● Required work
Lines holding the string "black" are the ones to copy; find them all in the data.

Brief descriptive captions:

..........

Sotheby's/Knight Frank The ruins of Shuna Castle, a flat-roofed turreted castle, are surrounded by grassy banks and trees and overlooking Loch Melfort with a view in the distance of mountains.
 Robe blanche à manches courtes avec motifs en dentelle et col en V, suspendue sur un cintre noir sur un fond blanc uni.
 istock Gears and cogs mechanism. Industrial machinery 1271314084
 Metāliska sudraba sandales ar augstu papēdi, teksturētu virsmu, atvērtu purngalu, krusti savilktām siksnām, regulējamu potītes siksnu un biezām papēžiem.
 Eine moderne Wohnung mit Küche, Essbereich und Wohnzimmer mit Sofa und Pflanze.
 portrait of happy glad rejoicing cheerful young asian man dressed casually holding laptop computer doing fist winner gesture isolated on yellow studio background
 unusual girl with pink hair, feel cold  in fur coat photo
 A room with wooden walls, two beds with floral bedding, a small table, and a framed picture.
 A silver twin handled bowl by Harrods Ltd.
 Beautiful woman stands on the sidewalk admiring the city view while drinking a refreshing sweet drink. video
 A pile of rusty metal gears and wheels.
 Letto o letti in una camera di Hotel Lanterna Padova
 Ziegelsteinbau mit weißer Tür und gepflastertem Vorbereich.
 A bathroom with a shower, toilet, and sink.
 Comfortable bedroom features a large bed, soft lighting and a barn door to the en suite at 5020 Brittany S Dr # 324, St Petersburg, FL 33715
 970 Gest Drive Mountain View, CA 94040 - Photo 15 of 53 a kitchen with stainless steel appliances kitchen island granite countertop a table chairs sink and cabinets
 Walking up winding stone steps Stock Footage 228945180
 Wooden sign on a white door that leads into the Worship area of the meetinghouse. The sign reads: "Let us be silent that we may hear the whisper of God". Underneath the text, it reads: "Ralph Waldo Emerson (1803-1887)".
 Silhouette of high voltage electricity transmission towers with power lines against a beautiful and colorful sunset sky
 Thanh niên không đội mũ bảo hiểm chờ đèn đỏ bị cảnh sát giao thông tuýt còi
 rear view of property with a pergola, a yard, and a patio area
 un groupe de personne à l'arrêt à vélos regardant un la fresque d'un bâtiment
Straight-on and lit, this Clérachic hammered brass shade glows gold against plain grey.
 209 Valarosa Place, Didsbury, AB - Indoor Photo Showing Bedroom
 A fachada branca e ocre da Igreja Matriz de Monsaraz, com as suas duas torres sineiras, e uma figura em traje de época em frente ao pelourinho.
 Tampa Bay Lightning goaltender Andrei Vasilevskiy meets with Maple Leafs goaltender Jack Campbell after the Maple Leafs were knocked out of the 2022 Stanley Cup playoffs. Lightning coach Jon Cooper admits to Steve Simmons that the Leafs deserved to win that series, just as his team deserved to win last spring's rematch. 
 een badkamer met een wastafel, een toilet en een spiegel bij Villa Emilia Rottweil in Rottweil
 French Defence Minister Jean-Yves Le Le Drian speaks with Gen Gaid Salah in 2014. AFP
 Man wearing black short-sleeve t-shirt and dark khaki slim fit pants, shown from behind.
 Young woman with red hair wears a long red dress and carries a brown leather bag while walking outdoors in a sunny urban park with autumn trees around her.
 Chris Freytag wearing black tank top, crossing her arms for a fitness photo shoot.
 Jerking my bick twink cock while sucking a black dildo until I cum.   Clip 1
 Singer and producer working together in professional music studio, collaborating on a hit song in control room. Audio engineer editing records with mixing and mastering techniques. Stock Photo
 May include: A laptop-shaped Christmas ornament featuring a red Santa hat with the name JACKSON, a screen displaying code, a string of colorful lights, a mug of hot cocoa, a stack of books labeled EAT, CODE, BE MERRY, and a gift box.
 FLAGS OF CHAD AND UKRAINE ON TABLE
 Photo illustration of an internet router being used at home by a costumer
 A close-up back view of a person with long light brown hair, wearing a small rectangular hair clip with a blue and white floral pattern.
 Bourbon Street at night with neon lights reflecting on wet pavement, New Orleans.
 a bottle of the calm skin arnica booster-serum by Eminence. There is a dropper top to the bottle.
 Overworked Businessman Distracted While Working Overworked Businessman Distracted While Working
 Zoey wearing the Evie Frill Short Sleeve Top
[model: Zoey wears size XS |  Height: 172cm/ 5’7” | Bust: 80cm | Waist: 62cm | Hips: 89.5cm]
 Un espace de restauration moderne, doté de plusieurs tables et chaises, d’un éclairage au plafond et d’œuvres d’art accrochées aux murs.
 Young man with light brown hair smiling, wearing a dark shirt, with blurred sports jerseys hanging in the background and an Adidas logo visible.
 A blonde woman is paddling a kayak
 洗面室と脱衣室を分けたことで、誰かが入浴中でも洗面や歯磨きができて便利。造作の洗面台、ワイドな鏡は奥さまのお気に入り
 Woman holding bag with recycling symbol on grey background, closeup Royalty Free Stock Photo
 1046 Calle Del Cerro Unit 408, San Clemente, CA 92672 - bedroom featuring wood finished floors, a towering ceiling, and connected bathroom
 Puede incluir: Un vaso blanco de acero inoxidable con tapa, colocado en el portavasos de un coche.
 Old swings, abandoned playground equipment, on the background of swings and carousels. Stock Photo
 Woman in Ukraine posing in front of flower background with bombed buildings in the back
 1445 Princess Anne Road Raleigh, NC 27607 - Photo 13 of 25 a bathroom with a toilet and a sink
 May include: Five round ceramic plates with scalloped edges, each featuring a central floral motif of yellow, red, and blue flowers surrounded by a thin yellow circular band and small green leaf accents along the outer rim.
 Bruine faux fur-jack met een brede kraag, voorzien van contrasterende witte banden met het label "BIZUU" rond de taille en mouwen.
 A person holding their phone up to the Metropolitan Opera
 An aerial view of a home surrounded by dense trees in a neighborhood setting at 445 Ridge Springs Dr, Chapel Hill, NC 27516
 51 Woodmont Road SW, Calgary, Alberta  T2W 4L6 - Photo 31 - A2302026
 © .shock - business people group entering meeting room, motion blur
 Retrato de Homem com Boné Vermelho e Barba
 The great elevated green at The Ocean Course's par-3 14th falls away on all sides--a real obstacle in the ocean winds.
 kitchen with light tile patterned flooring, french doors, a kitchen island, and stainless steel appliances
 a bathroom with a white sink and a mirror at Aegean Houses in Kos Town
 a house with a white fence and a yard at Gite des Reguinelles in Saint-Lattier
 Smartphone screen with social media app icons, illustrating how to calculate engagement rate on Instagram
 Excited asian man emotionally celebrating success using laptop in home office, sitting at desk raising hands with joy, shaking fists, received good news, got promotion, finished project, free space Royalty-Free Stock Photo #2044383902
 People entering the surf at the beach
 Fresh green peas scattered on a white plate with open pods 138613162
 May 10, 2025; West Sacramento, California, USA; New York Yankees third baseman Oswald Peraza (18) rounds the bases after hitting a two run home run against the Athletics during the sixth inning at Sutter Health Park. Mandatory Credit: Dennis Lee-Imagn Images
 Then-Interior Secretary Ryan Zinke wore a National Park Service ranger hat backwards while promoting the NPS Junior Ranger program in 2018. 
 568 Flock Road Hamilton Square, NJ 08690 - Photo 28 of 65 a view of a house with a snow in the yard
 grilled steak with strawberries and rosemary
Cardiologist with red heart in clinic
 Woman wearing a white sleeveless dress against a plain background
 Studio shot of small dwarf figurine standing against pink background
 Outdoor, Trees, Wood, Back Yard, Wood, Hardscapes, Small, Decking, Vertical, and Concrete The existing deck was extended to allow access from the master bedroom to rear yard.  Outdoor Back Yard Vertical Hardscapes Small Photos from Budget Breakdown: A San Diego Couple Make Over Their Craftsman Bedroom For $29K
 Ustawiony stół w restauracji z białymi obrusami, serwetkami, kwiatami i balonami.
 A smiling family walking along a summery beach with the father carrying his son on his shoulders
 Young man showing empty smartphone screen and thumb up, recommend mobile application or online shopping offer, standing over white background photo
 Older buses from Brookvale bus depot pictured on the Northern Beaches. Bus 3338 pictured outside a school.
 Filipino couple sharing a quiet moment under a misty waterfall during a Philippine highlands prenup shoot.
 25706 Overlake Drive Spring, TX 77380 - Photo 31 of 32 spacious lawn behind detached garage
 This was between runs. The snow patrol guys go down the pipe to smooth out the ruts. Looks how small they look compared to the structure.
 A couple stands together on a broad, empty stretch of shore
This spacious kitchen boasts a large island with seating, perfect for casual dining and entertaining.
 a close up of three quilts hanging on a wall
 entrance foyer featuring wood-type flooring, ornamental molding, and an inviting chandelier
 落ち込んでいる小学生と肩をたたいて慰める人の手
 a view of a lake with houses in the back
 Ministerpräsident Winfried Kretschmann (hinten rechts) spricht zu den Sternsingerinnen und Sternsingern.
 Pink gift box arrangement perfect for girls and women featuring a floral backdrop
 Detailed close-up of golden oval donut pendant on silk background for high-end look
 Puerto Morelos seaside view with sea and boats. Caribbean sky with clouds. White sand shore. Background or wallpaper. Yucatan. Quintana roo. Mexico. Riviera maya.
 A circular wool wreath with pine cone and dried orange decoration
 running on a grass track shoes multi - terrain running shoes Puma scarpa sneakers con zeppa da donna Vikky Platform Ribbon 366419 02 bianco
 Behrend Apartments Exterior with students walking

..........

● Reply
 Man wearing black short-sleeve t-shirt and dark khaki slim fit pants, shown from behind.
 Chris Freytag wearing black tank top, crossing her arms for a fitness photo shoot.
 Jerking my bick twink cock while sucking a black dildo until I cum.   Clip 1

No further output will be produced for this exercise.